A portable helipad is a makeshift structure comprising sub-units that can be easily transported, assembled and disassembled

The Indian Army is asking the private industry to design and develop a portable helipad that can meet its field requirements across a vast spectrum of operations in diverse geographical and climatic conditions.

A portable helipad is a makeshift structure comprising sub-units that can be easily transported, assembled and disassembled to provide a temporary place for helicopters to land and take-off. They are cost-effective and can be used in places that do not require the construction of a permanent helipad or when time is a critical factor. Besides military operations, portable helicopters have immense scope for deployment during disaster relief operations and also for internal security duties.

In the Army’s scheme of things, heliborne operations is a critical dimension for success by ensuring surprise, rapid troop deployment, offensive air support, airborne surveillance, tactical flexibility and logistic support. The construction of helipads in an operationally constrained time frame in the desert, semi-desert, mountainous and coastal areas, therefore, becomes an important task for the Army’s combat engineers.

The Army wants portable helicopters that can accommodate all types of helicopters in the Indian inventory, including the Chinook and Apache, An initial requirement of 50 portable helipads measuring 25x25 meters has been projected and larger sizes that could range up to 100x100 meters would be considered at a later stage.

The parameters also call for at least 50 per cent of the helipad’s components, by value, to be sourced indigenously.

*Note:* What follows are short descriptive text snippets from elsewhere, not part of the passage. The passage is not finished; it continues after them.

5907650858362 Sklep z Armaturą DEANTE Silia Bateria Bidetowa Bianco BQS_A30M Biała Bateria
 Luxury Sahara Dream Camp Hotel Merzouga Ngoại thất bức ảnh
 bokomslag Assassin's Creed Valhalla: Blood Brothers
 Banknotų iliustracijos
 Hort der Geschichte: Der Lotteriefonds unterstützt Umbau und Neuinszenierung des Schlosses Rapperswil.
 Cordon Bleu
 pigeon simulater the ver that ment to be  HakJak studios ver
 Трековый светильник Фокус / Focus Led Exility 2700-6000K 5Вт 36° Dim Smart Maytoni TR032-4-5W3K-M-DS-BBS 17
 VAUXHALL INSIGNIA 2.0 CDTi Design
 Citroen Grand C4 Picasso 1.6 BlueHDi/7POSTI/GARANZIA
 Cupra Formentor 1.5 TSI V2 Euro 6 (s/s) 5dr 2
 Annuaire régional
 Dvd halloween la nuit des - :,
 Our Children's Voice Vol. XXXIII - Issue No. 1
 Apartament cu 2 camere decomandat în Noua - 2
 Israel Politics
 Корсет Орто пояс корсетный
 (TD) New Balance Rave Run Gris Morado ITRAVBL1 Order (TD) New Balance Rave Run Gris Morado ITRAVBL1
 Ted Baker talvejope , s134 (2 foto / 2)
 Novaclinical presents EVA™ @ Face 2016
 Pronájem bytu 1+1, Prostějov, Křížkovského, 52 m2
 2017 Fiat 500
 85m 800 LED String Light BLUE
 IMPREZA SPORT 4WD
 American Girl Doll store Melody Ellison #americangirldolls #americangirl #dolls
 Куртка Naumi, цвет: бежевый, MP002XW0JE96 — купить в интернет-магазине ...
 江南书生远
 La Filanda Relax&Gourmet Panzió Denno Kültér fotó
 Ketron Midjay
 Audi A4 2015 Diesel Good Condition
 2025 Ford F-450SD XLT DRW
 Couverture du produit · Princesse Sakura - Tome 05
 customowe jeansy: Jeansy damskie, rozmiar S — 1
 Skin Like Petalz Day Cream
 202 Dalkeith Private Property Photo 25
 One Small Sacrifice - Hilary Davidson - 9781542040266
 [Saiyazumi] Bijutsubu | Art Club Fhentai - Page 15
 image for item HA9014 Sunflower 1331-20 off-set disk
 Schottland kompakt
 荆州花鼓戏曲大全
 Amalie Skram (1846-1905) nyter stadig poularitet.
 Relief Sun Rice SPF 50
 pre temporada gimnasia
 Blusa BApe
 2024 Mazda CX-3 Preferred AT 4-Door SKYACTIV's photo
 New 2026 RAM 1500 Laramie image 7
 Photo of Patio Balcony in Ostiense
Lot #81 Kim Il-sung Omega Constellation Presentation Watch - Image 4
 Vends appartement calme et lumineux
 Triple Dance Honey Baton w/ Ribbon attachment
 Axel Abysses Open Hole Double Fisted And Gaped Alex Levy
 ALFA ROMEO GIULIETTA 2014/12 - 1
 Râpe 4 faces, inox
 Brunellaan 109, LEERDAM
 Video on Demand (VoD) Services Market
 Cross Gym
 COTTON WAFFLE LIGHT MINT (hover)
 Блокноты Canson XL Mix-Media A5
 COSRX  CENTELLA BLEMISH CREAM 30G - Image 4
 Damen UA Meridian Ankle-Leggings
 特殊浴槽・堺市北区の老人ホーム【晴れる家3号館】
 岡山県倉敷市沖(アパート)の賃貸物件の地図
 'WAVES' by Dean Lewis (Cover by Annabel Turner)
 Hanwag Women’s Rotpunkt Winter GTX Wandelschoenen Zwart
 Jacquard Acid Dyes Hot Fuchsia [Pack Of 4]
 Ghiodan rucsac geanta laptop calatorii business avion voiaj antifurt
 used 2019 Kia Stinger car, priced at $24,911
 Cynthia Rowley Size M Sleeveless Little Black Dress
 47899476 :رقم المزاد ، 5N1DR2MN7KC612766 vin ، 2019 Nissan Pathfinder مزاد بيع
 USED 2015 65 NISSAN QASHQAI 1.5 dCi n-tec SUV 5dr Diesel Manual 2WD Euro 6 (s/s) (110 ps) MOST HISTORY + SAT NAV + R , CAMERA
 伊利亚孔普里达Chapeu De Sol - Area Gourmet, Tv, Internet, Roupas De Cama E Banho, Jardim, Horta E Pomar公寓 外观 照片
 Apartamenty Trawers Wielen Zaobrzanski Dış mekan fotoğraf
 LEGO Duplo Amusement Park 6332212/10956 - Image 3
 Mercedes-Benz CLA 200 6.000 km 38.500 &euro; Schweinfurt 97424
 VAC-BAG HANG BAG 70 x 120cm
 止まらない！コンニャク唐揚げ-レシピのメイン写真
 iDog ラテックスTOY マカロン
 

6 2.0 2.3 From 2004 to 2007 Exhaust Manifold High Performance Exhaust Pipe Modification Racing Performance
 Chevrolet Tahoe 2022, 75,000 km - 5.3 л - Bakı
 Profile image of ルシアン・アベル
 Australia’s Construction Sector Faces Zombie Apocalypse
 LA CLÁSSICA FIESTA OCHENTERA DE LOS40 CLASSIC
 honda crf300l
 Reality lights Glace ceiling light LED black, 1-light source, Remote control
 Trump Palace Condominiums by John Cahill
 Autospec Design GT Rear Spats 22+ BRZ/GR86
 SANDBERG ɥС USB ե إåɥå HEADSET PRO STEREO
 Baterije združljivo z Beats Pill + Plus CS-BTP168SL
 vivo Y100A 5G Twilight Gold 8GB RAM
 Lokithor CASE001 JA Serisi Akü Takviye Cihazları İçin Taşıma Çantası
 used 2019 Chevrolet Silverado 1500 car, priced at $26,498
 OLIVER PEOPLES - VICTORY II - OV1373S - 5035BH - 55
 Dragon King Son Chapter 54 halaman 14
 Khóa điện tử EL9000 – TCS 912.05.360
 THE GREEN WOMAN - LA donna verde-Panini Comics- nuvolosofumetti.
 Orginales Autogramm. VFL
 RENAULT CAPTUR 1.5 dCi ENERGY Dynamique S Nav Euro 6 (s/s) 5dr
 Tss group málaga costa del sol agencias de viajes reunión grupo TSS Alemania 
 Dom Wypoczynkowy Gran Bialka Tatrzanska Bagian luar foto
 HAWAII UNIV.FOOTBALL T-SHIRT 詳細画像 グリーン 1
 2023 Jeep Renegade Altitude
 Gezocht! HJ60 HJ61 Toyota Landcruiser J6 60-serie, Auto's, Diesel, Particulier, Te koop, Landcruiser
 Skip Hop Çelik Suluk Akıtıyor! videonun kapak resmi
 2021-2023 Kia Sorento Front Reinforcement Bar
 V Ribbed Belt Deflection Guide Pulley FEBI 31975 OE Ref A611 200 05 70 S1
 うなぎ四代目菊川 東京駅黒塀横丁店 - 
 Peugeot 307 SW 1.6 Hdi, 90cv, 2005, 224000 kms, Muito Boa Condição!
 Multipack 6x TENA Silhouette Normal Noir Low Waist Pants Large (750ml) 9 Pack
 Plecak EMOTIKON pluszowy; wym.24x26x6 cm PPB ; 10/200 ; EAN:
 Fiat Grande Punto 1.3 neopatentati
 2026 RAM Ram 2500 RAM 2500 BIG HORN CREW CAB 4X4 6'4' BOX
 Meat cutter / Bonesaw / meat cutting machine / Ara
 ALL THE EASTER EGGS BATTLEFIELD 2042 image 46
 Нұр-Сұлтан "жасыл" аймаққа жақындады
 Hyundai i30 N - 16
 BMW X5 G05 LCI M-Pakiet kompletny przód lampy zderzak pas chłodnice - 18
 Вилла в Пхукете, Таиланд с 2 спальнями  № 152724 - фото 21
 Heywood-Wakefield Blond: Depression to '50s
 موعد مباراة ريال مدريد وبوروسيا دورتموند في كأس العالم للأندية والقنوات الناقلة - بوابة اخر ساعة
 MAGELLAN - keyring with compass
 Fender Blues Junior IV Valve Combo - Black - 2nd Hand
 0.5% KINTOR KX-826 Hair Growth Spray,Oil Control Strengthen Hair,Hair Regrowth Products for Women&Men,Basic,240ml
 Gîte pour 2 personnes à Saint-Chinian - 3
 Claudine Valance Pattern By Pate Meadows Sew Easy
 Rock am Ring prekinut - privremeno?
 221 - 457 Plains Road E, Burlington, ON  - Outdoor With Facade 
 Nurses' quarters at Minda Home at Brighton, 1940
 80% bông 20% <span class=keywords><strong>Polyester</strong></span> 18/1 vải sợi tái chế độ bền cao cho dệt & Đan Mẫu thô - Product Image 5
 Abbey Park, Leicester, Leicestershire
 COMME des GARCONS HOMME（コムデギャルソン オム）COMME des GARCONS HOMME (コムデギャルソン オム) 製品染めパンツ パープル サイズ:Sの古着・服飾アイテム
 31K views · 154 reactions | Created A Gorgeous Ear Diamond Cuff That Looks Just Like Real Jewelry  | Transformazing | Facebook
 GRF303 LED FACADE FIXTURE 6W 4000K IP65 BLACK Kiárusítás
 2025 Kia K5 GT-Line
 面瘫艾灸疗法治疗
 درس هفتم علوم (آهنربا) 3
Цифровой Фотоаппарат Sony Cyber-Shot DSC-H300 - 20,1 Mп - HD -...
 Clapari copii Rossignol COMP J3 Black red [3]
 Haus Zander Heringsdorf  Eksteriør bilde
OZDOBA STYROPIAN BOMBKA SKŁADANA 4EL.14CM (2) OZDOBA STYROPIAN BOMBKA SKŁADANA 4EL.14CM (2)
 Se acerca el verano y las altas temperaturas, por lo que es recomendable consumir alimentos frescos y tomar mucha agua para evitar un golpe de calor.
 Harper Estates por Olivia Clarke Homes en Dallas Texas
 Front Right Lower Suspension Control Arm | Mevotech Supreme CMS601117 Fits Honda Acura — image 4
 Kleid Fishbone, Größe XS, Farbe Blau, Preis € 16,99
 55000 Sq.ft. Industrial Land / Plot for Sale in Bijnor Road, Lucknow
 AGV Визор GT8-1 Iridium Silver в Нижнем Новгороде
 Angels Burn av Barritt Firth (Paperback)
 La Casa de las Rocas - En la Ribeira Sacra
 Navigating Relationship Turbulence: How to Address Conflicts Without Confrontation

The technical requirements laid down by the Army for such helipads include a rugged design with modular components and sub-units that are corrosion resistant, have the high tensile strength to withstand rotor downwash and allow increase or reduction in size by adding or removing panels.

A team of 10 personnel should be able to construct one portable helipad after surface preparation within 90 minutes and the entire equipment, including sub-units and assembly tools, should be transportable in one truck.

Portable helipads are not new and have been in use in several parts of the world for a long time for the military as well as civilian purposes. These have also been marketed by some Indian firms.

For many years, the Army has been improvising helipads in remote areas by using sandbags, perforated metal sheets, plywood sheets, jerry cans and other field equipment used by the engineers for constructing tracks.

Several such helipads had come up in the northern as well as north-eastern sectors, including the Siachen, in the late 1980s to facilitate air maintenance of forward posts.